What you will do
Skip the images; return every entry exactly.
________________________
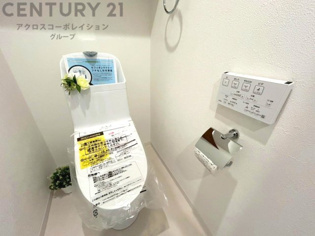温水洗浄便座付トイレは温水洗浄機能により、暖かい水でおしりを洗浄することができ、冷たい水を使う従来の便座に比べ、温水洗浄機能で暖かいトイレを提供し、快適な使用を可能にします。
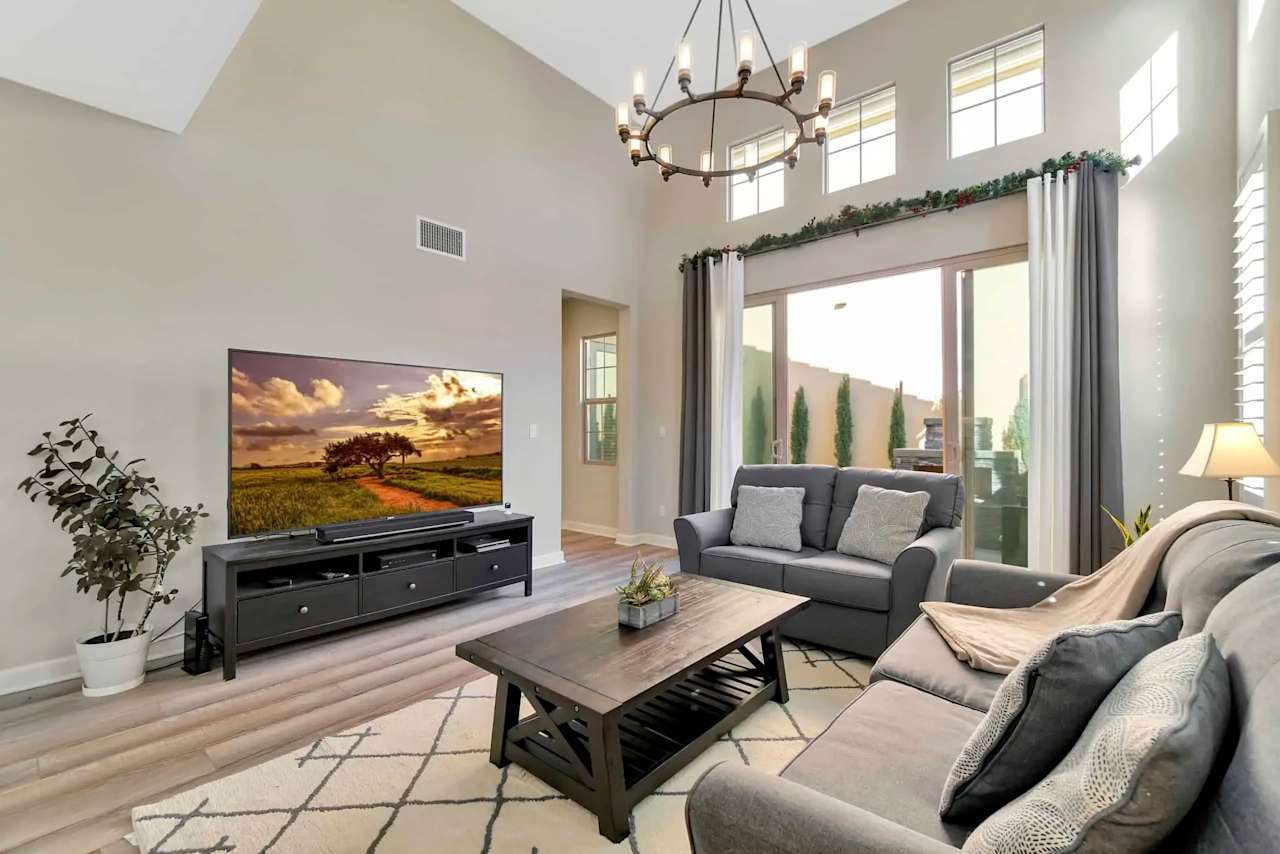 Debbie Marie WaveCrest Real Estate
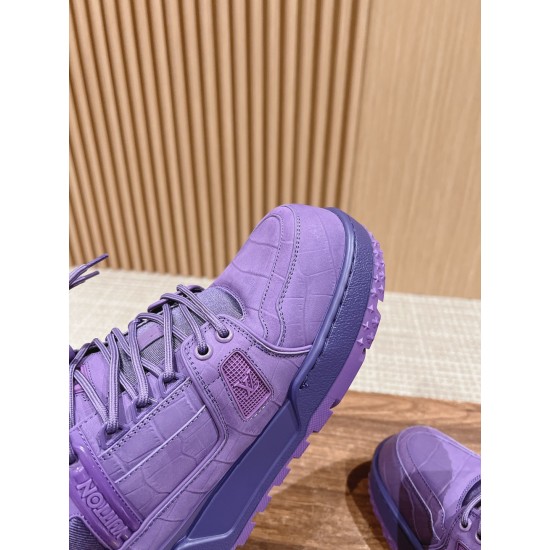 LV Trainer Sneaker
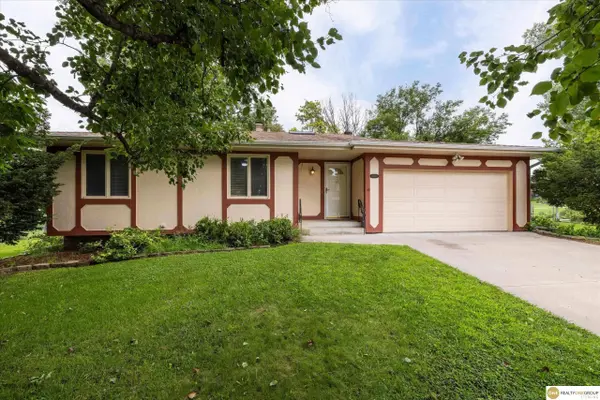 10636 Spaulding CIR, Omaha, NE 68134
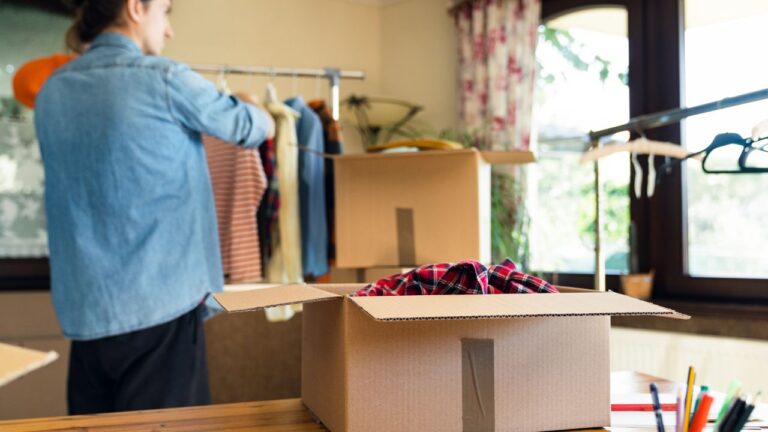 Revendedora embalando produtos miess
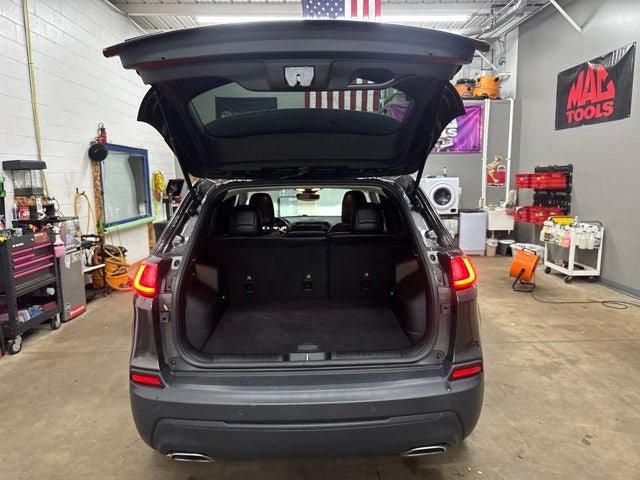 Used 2021 Jeep Cherokee Latitude Lux FWD image 22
________________________
Worked solution
温水洗浄便座付トイレは温水洗浄機能により、暖かい水でおしりを洗浄することができ、冷たい水を使う従来の便座に比べ、温水洗浄機能で暖かいトイレを提供し、快適な使用を可能にします。
 Debbie Marie WaveCrest Real Estate
 LV Trainer Sneaker
 10636 Spaulding CIR, Omaha, NE 68134
 Revendedora embalando produtos miess
 Used 2021 Jeep Cherokee Latitude Lux FWD image 22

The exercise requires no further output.